- INPUT FOR THIS TASK
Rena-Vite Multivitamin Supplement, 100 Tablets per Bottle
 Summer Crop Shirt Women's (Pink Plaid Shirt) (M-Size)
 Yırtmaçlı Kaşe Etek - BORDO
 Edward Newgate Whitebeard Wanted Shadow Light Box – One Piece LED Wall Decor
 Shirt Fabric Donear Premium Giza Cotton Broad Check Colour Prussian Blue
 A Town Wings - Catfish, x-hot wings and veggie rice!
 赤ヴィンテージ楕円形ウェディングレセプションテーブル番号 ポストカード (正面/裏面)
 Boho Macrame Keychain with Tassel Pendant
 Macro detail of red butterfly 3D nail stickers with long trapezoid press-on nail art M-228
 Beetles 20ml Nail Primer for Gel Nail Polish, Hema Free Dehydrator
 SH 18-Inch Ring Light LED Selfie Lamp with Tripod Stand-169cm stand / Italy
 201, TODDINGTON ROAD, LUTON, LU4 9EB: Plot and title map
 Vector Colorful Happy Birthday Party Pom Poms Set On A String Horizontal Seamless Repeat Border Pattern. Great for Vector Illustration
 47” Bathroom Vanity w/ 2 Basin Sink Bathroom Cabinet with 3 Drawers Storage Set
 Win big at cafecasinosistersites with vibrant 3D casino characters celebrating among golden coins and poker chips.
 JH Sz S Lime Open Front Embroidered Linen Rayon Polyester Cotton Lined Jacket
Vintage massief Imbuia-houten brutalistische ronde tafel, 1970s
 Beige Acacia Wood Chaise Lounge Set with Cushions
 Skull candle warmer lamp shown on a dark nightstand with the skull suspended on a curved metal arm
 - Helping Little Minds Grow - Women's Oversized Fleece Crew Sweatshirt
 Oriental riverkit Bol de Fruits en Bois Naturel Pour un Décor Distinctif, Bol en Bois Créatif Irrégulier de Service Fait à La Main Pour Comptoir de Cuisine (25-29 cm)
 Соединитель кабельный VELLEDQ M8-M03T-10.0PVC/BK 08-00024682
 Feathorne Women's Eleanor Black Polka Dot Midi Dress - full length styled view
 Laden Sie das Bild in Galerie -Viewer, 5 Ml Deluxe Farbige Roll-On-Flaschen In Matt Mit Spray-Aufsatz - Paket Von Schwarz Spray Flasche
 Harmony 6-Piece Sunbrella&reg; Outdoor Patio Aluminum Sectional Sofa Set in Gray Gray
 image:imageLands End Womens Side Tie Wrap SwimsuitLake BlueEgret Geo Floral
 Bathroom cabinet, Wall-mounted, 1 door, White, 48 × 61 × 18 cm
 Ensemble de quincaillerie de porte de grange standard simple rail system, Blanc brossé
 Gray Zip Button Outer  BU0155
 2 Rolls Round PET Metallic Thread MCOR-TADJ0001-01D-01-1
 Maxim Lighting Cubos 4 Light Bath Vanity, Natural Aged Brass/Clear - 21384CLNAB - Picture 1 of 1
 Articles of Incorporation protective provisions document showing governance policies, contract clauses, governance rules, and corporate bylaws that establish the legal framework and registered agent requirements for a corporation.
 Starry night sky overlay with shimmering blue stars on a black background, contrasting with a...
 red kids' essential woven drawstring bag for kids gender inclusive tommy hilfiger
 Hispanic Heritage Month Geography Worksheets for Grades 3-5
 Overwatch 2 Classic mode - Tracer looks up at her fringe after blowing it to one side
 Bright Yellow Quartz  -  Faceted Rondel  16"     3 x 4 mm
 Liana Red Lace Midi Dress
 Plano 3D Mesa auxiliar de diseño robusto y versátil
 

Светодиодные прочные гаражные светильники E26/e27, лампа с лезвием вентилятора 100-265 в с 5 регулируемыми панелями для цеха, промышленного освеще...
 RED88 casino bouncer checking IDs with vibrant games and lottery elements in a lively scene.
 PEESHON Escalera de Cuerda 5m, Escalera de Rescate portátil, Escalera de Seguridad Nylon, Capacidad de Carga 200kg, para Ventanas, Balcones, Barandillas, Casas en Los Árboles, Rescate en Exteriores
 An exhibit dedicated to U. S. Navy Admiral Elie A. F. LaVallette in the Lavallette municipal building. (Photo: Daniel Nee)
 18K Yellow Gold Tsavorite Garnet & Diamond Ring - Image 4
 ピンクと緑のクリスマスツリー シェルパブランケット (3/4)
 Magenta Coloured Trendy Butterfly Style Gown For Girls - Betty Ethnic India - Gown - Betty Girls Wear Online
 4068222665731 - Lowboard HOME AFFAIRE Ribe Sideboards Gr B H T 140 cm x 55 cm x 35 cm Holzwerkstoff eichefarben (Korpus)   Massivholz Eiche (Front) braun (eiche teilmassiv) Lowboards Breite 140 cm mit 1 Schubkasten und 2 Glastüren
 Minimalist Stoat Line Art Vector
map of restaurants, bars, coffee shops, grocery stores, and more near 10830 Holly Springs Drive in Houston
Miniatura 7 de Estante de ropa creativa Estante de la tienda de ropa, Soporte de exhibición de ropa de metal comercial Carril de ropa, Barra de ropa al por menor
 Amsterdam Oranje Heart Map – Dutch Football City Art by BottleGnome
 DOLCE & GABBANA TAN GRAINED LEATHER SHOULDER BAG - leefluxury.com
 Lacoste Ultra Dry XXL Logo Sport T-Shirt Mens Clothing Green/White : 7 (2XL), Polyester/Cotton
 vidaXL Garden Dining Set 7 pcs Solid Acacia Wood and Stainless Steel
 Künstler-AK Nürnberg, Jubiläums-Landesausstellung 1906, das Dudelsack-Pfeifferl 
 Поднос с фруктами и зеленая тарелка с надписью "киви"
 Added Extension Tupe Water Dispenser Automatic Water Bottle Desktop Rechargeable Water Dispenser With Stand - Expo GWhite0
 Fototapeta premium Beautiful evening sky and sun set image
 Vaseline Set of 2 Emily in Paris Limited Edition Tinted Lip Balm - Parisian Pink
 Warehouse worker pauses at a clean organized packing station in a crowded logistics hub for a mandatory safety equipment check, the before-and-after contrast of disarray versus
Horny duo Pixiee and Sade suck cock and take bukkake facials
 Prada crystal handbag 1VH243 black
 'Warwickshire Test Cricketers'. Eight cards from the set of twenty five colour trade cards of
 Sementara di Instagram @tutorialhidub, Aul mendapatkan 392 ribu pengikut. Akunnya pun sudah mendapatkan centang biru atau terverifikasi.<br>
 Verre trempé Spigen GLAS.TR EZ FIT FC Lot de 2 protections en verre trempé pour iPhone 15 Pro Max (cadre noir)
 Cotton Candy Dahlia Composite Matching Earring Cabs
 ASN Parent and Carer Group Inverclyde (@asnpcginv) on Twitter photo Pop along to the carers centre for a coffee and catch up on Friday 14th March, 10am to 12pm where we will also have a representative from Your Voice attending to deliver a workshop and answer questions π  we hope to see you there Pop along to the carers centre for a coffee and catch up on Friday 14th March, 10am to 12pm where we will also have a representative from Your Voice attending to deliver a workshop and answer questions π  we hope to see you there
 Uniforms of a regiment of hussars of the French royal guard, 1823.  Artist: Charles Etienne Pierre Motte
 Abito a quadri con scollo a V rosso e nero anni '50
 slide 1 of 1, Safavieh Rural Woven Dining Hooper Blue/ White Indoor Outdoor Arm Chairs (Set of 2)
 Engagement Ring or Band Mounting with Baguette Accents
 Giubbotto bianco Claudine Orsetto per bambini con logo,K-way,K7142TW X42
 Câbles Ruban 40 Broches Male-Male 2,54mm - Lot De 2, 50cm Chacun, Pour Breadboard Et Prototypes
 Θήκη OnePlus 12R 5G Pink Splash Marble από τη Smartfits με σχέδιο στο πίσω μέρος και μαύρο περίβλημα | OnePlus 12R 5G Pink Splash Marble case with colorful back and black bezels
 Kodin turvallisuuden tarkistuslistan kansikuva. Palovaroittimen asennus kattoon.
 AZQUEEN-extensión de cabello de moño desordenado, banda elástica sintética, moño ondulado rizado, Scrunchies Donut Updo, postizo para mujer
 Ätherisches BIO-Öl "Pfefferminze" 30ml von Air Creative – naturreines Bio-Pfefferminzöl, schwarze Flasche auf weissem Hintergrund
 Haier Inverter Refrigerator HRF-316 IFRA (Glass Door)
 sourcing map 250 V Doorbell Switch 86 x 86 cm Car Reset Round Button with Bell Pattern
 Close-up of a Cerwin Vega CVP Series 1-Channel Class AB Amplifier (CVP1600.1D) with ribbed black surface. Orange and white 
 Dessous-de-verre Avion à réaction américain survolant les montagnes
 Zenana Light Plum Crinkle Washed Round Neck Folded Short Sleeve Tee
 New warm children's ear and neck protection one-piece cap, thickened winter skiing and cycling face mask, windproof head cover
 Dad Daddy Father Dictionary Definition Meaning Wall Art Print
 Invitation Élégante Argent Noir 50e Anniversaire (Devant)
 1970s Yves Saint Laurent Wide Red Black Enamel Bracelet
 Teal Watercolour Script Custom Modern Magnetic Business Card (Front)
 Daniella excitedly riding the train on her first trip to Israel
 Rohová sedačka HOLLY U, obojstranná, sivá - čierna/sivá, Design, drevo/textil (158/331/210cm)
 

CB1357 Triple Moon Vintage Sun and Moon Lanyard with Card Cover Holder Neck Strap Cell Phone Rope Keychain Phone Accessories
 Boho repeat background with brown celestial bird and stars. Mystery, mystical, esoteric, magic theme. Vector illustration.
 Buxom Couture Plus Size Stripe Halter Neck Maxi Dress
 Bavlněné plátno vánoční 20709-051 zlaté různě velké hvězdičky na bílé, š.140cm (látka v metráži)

- WHAT THE TASK REQUIRES
Begin at the line that has "Verre trempé Spigen" in the entries above; stop after the line that has "Invitation Élégante Argent". Transcribe exactly those lines and no others.

- RESULT OF THIS TASK
 Verre trempé Spigen GLAS.TR EZ FIT FC Lot de 2 protections en verre trempé pour iPhone 15 Pro Max (cadre noir)
 Cotton Candy Dahlia Composite Matching Earring Cabs
 ASN Parent and Carer Group Inverclyde (@asnpcginv) on Twitter photo Pop along to the carers centre for a coffee and catch up on Friday 14th March, 10am to 12pm where we will also have a representative from Your Voice attending to deliver a workshop and answer questions π  we hope to see you there Pop along to the carers centre for a coffee and catch up on Friday 14th March, 10am to 12pm where we will also have a representative from Your Voice attending to deliver a workshop and answer questions π  we hope to see you there
 Uniforms of a regiment of hussars of the French royal guard, 1823.  Artist: Charles Etienne Pierre Motte
 Abito a quadri con scollo a V rosso e nero anni '50
 slide 1 of 1, Safavieh Rural Woven Dining Hooper Blue/ White Indoor Outdoor Arm Chairs (Set of 2)
 Engagement Ring or Band Mounting with Baguette Accents
 Giubbotto bianco Claudine Orsetto per bambini con logo,K-way,K7142TW X42
 Câbles Ruban 40 Broches Male-Male 2,54mm - Lot De 2, 50cm Chacun, Pour Breadboard Et Prototypes
 Θήκη OnePlus 12R 5G Pink Splash Marble από τη Smartfits με σχέδιο στο πίσω μέρος και μαύρο περίβλημα | OnePlus 12R 5G Pink Splash Marble case with colorful back and black bezels
 Kodin turvallisuuden tarkistuslistan kansikuva. Palovaroittimen asennus kattoon.
 AZQUEEN-extensión de cabello de moño desordenado, banda elástica sintética, moño ondulado rizado, Scrunchies Donut Updo, postizo para mujer
 Ätherisches BIO-Öl "Pfefferminze" 30ml von Air Creative – naturreines Bio-Pfefferminzöl, schwarze Flasche auf weissem Hintergrund
 Haier Inverter Refrigerator HRF-316 IFRA (Glass Door)
 sourcing map 250 V Doorbell Switch 86 x 86 cm Car Reset Round Button with Bell Pattern
 Close-up of a Cerwin Vega CVP Series 1-Channel Class AB Amplifier (CVP1600.1D) with ribbed black surface. Orange and white 
 Dessous-de-verre Avion à réaction américain survolant les montagnes
 Zenana Light Plum Crinkle Washed Round Neck Folded Short Sleeve Tee
 New warm children's ear and neck protection one-piece cap, thickened winter skiing and cycling face mask, windproof head cover
 Dad Daddy Father Dictionary Definition Meaning Wall Art Print
 Invitation Élégante Argent Noir 50e Anniversaire (Devant)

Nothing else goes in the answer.